Únics ho som tots.
by Zhan Linhai |
A pesar de ciertas
apariencias, tenemos una irrefrenable tendencia a ser uno más. Incluso mediante el procedimiento de no tratar de serlo,
que es el modo en que confirmamos lo que nos parecemos. No está mal buscar ser
únicos, y en eso nos diferenciamos: en serlo. Y en eso nos igualamos: en
pretenderlo. No hemos de minusvalorar la sencillez y la lucidez que comporta
saberse uno de tantos. Ni el hecho
de llegar a ser nadie, cosa más celebrada por quienes tienen la posibilidad de
elegir ese camino que por los que se ven conminados a tamaño silencio.
Pero, por otra parte,
continúa buscándose ansiosamente reconocimiento.
Y, desde luego, quien posee un afán desmesurado de ser agasajado no tiene
límite, ni cabe cumplimiento que lo sacie. Tamaña actitud garantiza al menos la
permanente insatisfacción. Más allá de determinada voluntad por resultar
notable, parecería que lo que se entiende por éxito incluye para algunos entronizar
con ostentación la peculiaridad, a veces confundida con la originalidad. El
desaforado intento de marcar distancias
respecto de lo que es aceptado sería finalmente la única distinción. Para ello,
no es preciso llegar a ser extravagante, basta ser alguien digno de ser señalado,
alguien cuyo signo sea esa significancia. Y no es necesario que uno se
desenvuelva en entornos de mayor proyección social o pública. Cada quien se
procura espacios en los que jugar esa suerte, la de no quedar identificado con
lo que es corriente. Incluso cierta modestia podría llegar a ser un indicio de distinción.
Sin embargo, ciertas
épocas, obsesionadas no pocas veces por el afán de seguridad, tienden a uniformar los comportamientos,
reactivando así modos de proceder tipificados.
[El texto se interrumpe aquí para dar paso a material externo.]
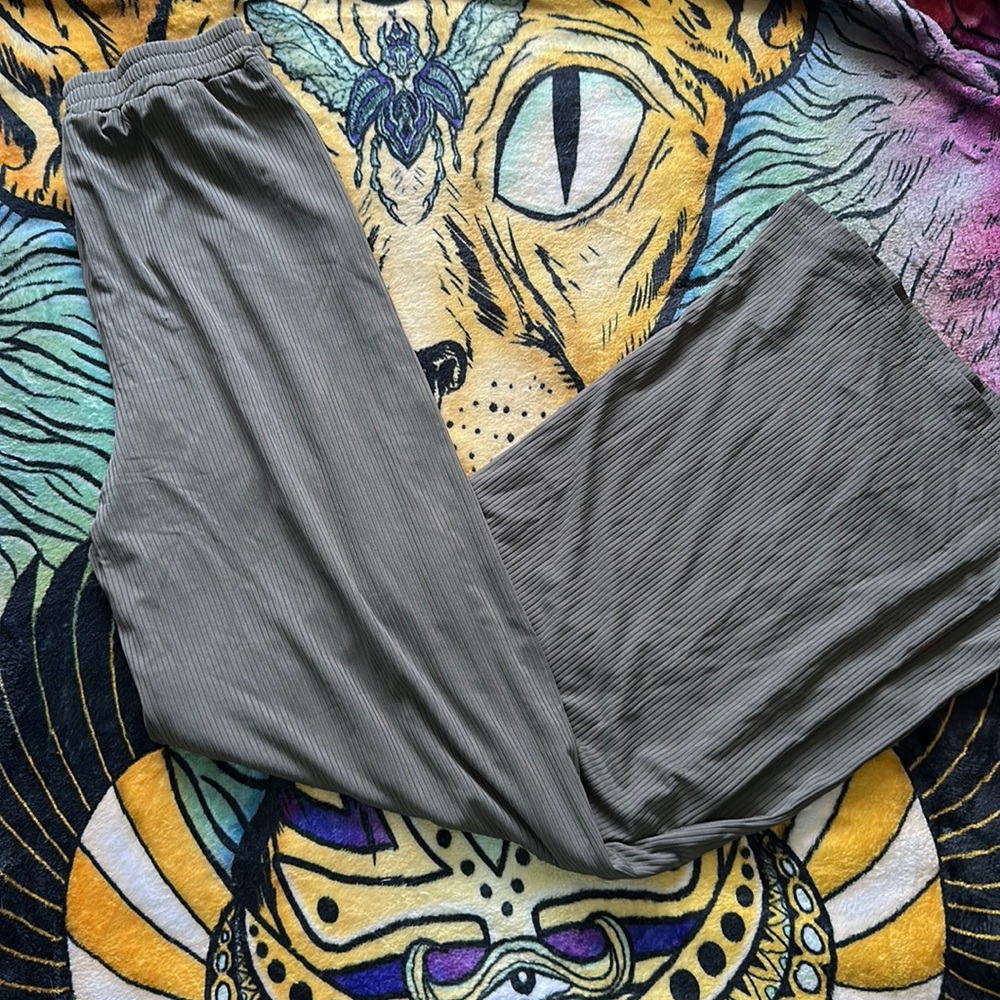 grey flare pants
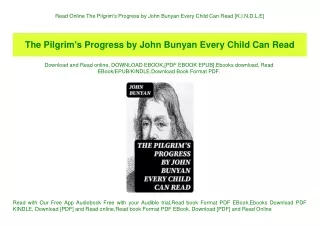 Read Online The Pilgrim's Progress by John Bunyan Every Child Can Read [K.I.N.D.L.E]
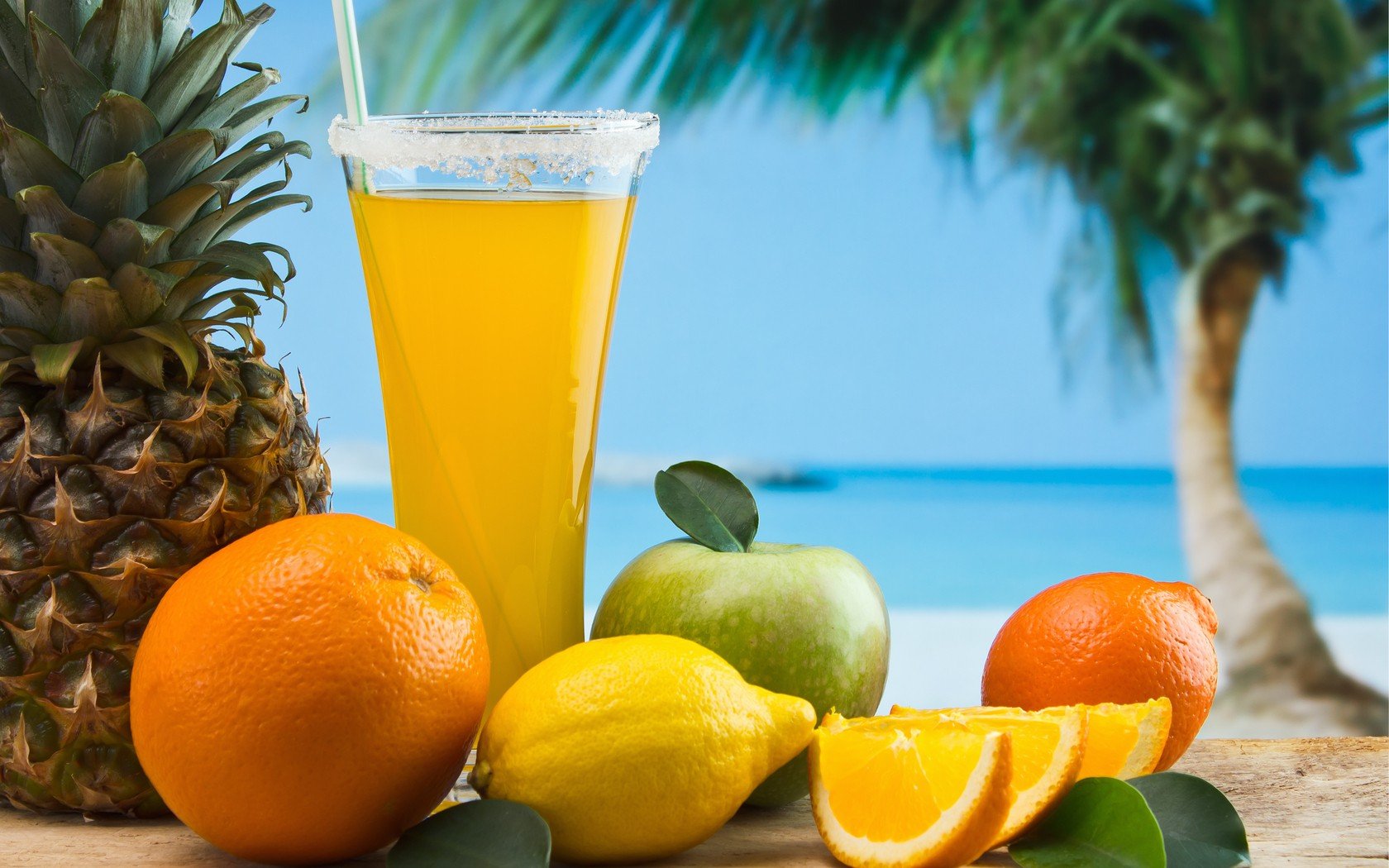 Orange Juice And Fruits Fresh Wallpaper HD Wallpaper WallpaperLepi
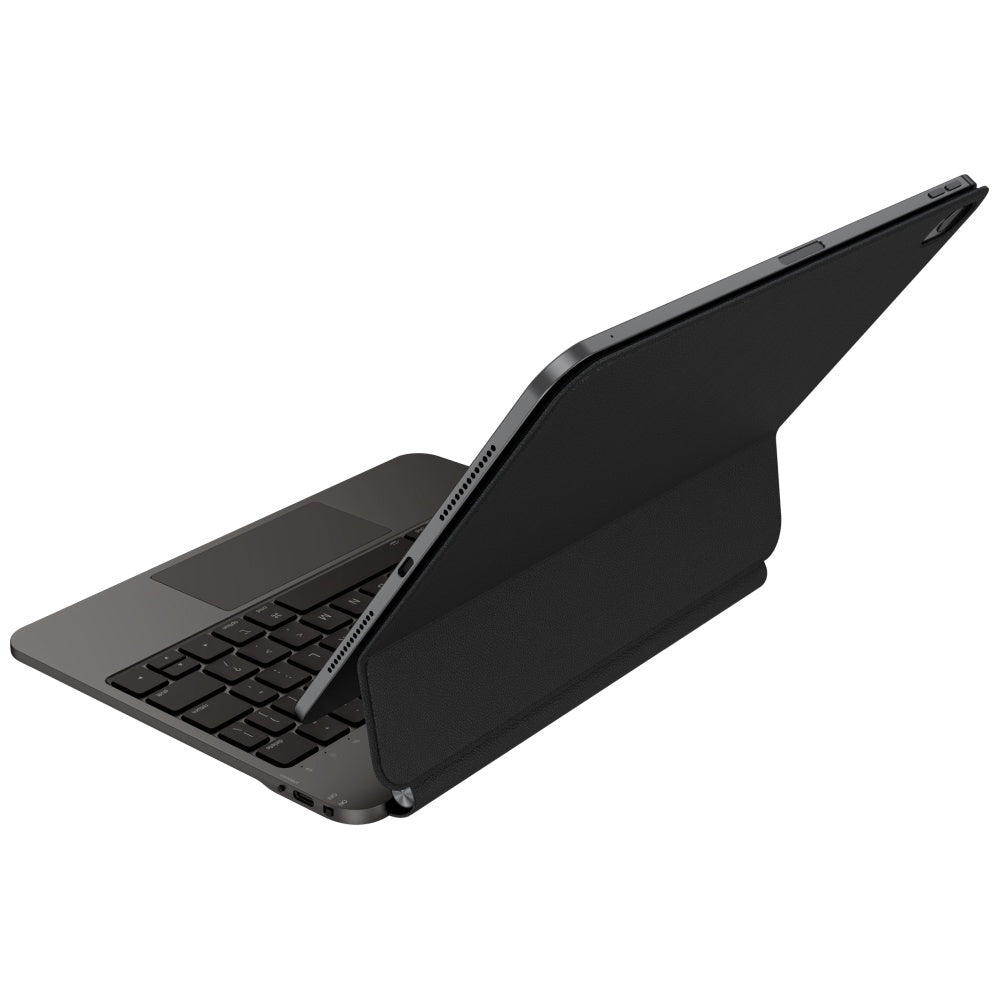Uniq Venno Pro Magnetic Smart Case su klaviatūra, skirta iPad 11" A16 (2025) / iPad 10.9" (2022) – juoda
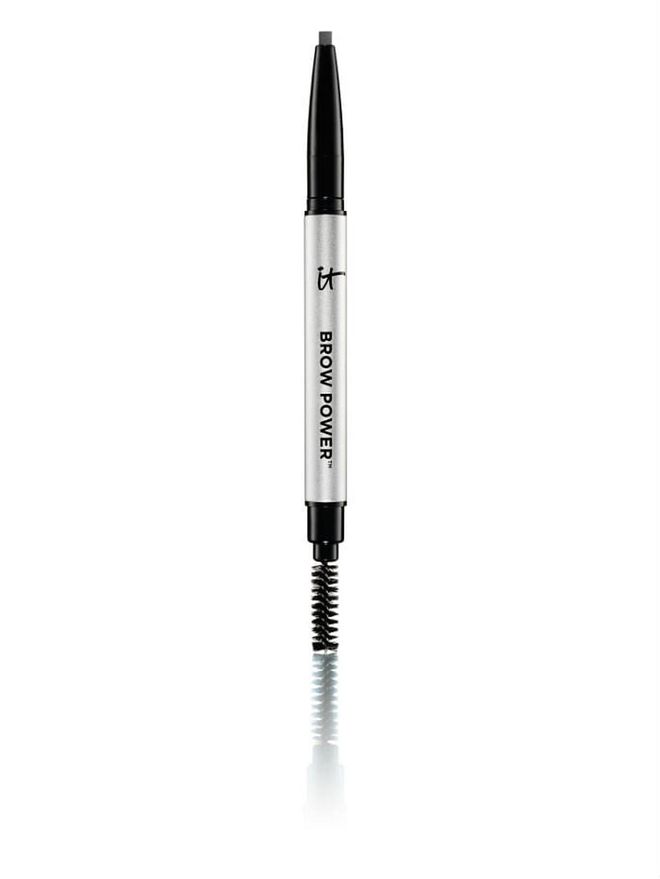 The fine tip creates hair-like strokes, with rich colour. It's also paraben and fragrance free, thus gentle on the brows. (Photo: IT cosmetics)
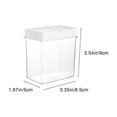 thumbnail image 3 of Meitianfacai Plastic Spice Jars with Lids, Kitchen Food Storage Container with Sealed Lid, Transparent Square Spice Containers Jar, Airtight Pantry Containers for Kitchen Storage and Organization, 3 of 7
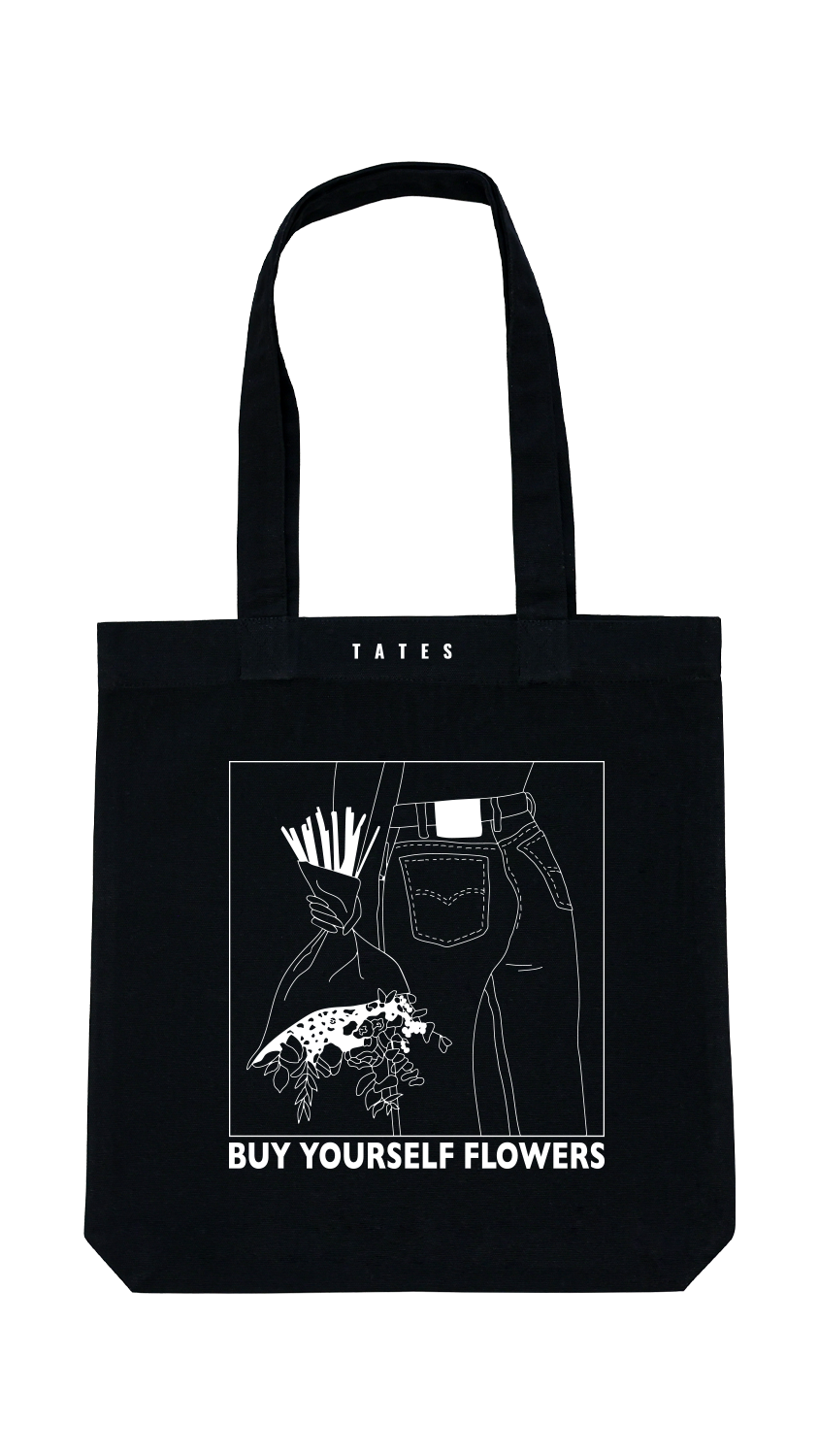 Tote bag "Buy yourself flowers"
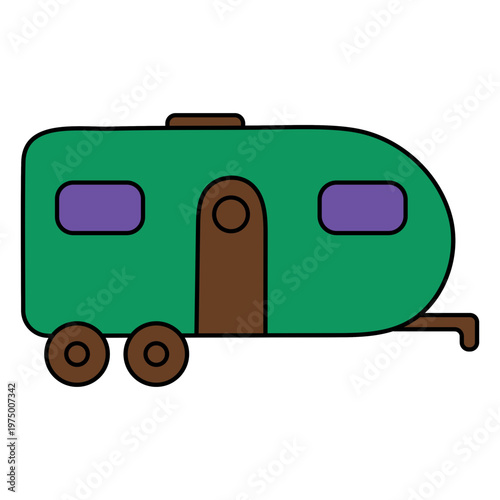 Monoline color stroke motorhome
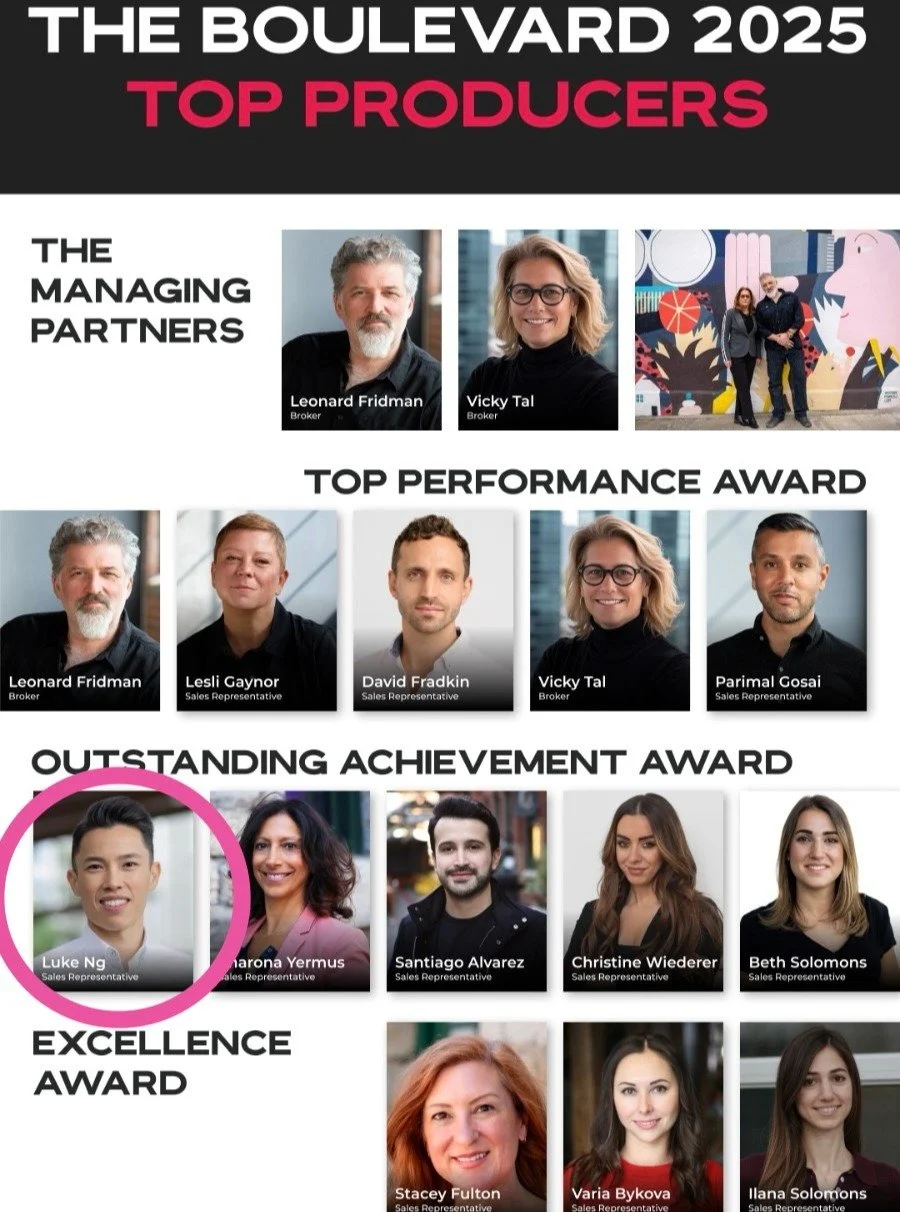 Huge thanks to my clients, family, friends and colleagues for your support in 2025!

For the fifth year in a row, I'm grateful to be among my brokerage's top real estate salespersons and brokers. 

Toronto has been my home for more than three decades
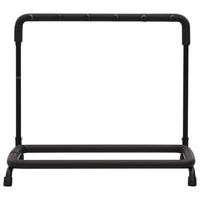 vidaXL Suporte dobrável para guitarras 5 secções 74x41x66 cm aço preto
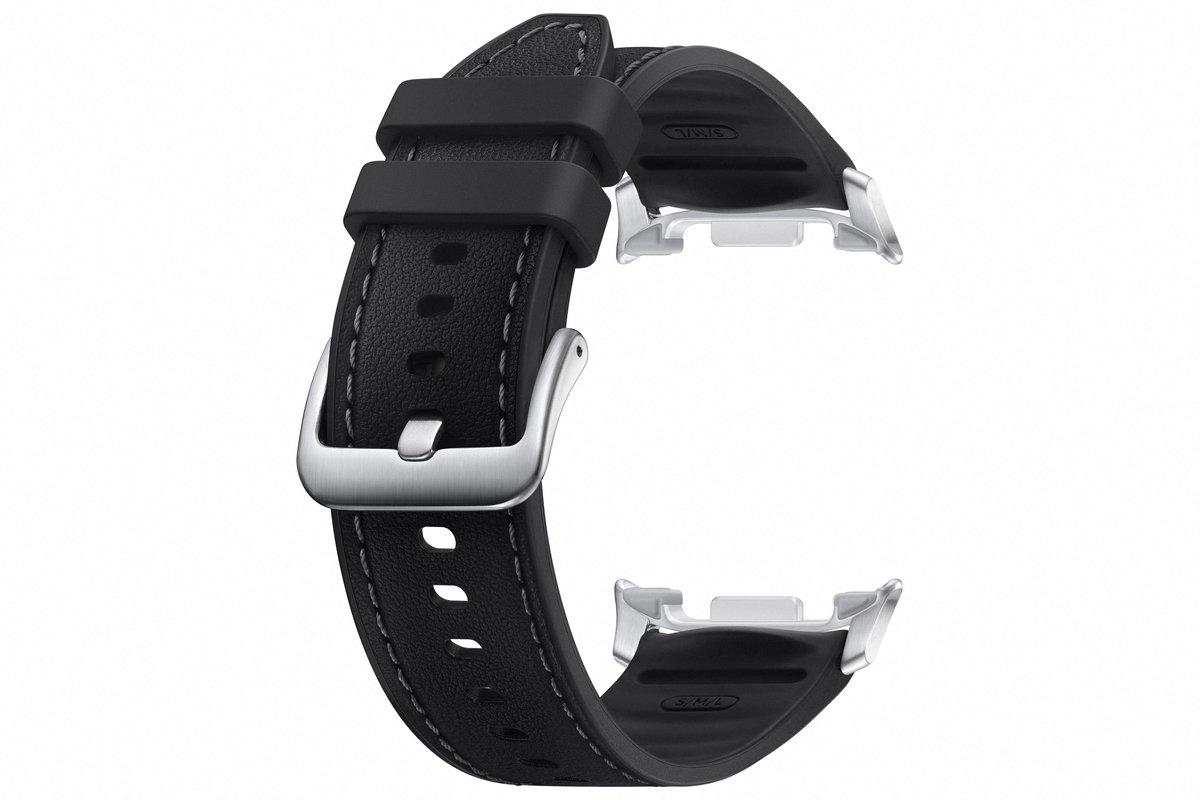 Samsung Galaxy Watch 8 Classic - Smartwatchbandje - Hybrid (S/M/L) - Zwart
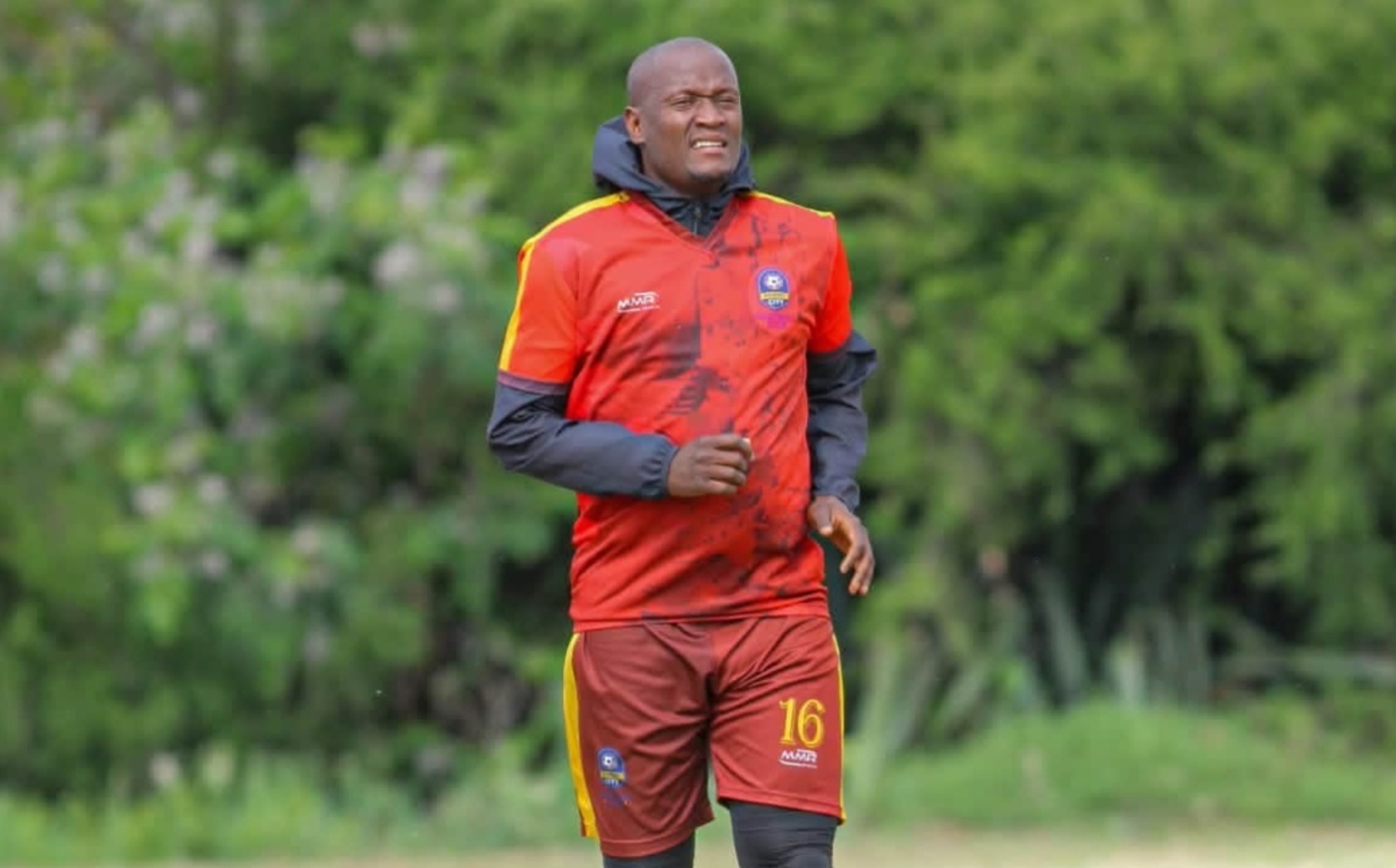 Judas Moseamedi during a training session at Phinnet City FC in the SAFA Limpopo ABC Motsepe League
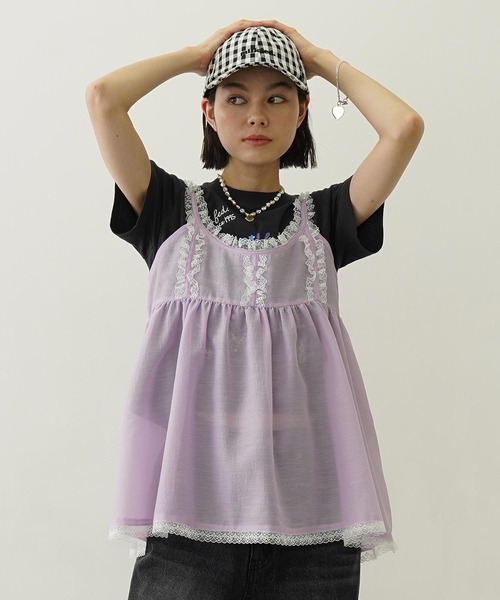 キャミソール SHEER LACE CAMISOLE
Finalmente preferimos encontrar cauces,
que pueden llegar a ser moldes por
los que transitar, amparados en la confianza de no llamar la atención. Y
mientras por un lado deseamos ser tan irrepetibles como sin duda cada quien a
su modo es, por otra parte, las pautas
nos ofrecen pasos firmes y nos abrazamos a ellas ya que, como suele decirse, no
parecen tiempos propicios ni para las improvisaciones, ni para las alegrías.
Nos debatimos, por
tanto, entre ese carácter singular y único que nos constituye, y nos convoca a
su despliegue, y una llamada, que con frecuencia hacemos nuestra, a estar cerca
de lo que resulte más frecuente o habitual. Esto se convierte entonces en
un cierto hogar, que cálidamente nos entrelaza en una suerte común.
No es fácil dilucidar
el dilema. Podríamos incidir en la compatibilidad de lo uno y de lo múltiple y
recurrir, por ejemplo, al Parménides
de Platón. Tal vez sería suficiente
con traer una vez más a Hegel y
encontrar buenas razones para reconocer que cabe ser singular en el seno de lo
universal. Pero tras tales recurrencias, convencidos de que no es mala
semejante travesía, continuaríamos debatiéndonos con la necesidad de hacer compatible el ser únicos con la de estar vinculados con lo que quizá
resulte desapercibido, con quienes no siempre se nos hacen explícitamente
presentes. Es como si ello nos procurara una identidad que ya no parece pertenecernos, que se impone como un conjunto indiferenciado. Tanto que,
en ocasiones, se nos plantea la tesitura de preservar o no esa conexión que nos
enlaza.
Semejante conjunto
puede ser asimismo cuantificado, contabilizado, medido, ordenado y propuesto
como la verdadera realidad que considerar. Ahora bien, eso no evita que alguien
nos importe con plenitud, nos importe todo, nos resulte todo, merezca todo. Y
es lo que en verdad se corresponde con lo que cada ser humano es y significa.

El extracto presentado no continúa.